Advocating for livestock, say its supporters, requires stronger narratives as well as robust evidence


Mary Nzomo, the chair of Kenya’s Agriculture County Executive Committee Members Caucus, holding the microphone, flanked by Zena Habtewold Biru and Isabelle Baltenweck. (Photo credit: David Aronson/ILRI)

The International Livestock Research Institute (ILRI) and African Union Commission sponsored a breakout session at the 15th annual Comprehensive Africa Agriculture Development Programme (CAADP) Partnership Platform Meeting held 13 June 2019 in Nairobi, Kenya. The session, moderated by ILRI’s Muthoni Njiru, focused on how investing in livestock can accelerate Africa’s economic transformation. CAADP is Africa’s policy framework for agricultural transformation, wealth creation, food security and economic growth, one of the premiere vehicles on the continent for developing and coordinating agricultural policies.

Joseph Karugia, the coordinator of the Regional Strategic Analysis and Knowledge Support System (ReSAKSS East Africa), set the scene. Livestock, he said, contribute to all 17 of the SDGs and directly to at least 8 of them, including ending hunger and halving poverty. It can also contribute to the Malabo Declaration goal of tripling intra-African trade in agriculture by 2025. Globally, livestock make up five of the top ten agricultural products by economic value. Within Africa, demand is growing rapidly; The African market for animal-source foods is estimated to reach USD 151 billion by 2050, from USD 37 billion in 2010. With smallholders providing 72% of livestock-derived foods in Africa, the potential of local livestock production to encourage economic growth, improve local and regional food security, and reduce poverty is enormous.

However, Karugia cautioned, for livestock to play its rightful role in sustainable development it must receive a proportionate share of public investment in national agricultural investment plans (NAIPs) and official development assistance. Currently, the sector receives limited attention in NAIPs and just a tiny fraction (less than 2.5%) of official development assistance dedicated to agriculture.

Karugia’s presentation was followed by a panel discussion with Mary Nzomo, the chair of Kenya’s Agriculture County Executive Committee Members Caucus; Simplice Nouala, the head of food security for the Rural Economy and Agriculture Division of the African Union; Zena Habtewold Biru, the director of planning and programming at the Ministry of Agriculture and Natural Resources in Ethiopia; and Max Tusiime, a statistician with the Ministry of Agriculture, Animal Industry and Fisheries in Uganda. Sékou-Sangare, the commissioner for agriculture, environment and water resources for the Economic Community of West African States (ECOWAS), provided additional remarks.
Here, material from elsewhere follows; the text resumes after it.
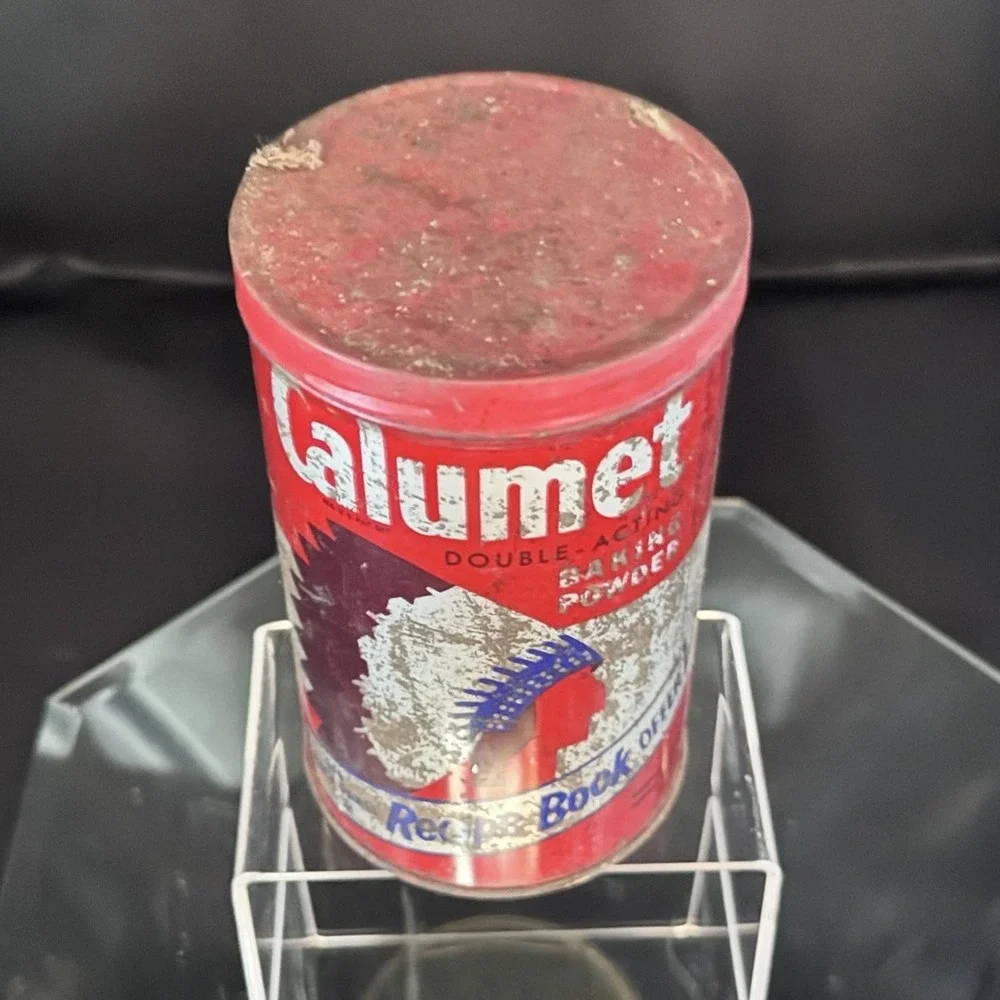 Vintage Advertising‎ Tin Calumet Double Acting Baking Powder 1lb 6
Three overarching themes emerged from the panel discussion. First, there was a broad agreement that despite livestock’s importance to African agriculture, investments in the sector haven’t reflected its potential to improve livelihoods and promote higher economic growth. Second, as the African Union’s Simplice Nouala said, “We need to change the narrative.” That is, livestock advocates must do a better job of explaining to both national and international organizations how and why we need to promote livestock in the developing world. And that means, in part, challenging narratives derived from experiences in the rich world that have little applicability or meaning in poorer countries. Third, it’s not enough to simply collate the evidence. Those who work in research organizations must not be content simply to advise governments—they need to work directly with them, for example through the design and implementation of Livestock Master Plans.
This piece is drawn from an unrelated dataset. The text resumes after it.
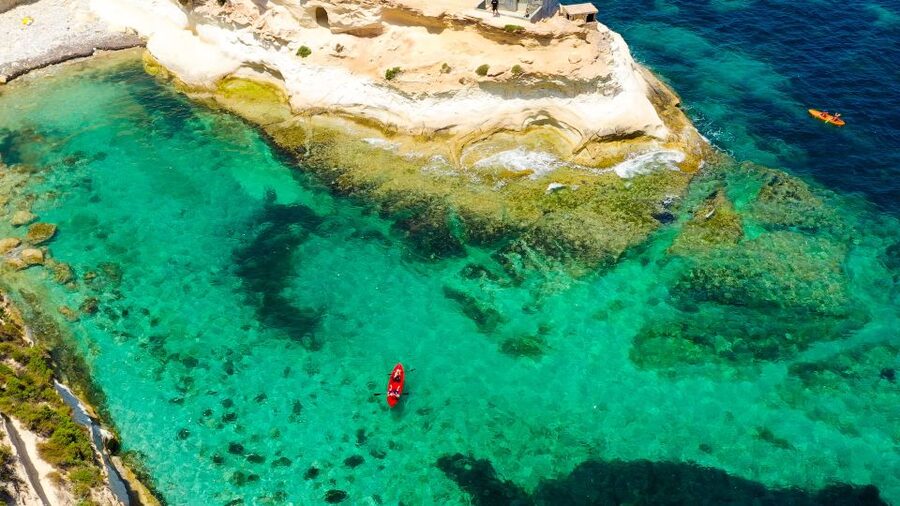 Malta: Ultimate Kayak Adventure - Self-guided freedom, with staff nearby on shore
ECOWAS commissioner Sékou-Sangare pointed out that ‘apart from oil, livestock is probably the single most important contributor to the region’s GDP.” He said that at the national level, the ministries of forestry, fisheries, agriculture and livestock need to do a better job of working together—because, he said, mixed messages result in no messages being heard. With coordinated action, he said, ‘no sector can do more to reduce poverty’. And he suggested that governments play a role as backstop and guarantor for local banks willing to invest in the livestock value chain.

ILRI’s Isabelle Baltenweck, program leader of the policies, institutions and livelihoods program, concluded the session on an upbeat note: ‘We need to be as energized about the possibilities of livestock as we are frank about its challenges’, she said.  ‘Ultimately, it’s about understanding how we can get livestock into the policy dialogue’.

Note: The final communique of the 15th Comprehensive Africa Agriculture Development Programme Partnership Platform Meeting included these two ‘key messages’:

18. Livestock and fisheries contribute substantially to improved livelihoods and higher economic growth in African countries of up to 50 percent of agricultural GDP; yet there is very limited investments in these sector. In this regard, it is critical to change the narrative and factor investment, research and innovation in livestock, fisheries and their value chains so as to achieve food security and Malabo and SDG targets of ending hunger and reducing poverty.

19. Call upon the AUC, AUDA-NEPAD and Partners to incorporate livestock and fisheries indicators, covering financing, productivity, trade and resilience into the Malabo Review Reporting mechanism.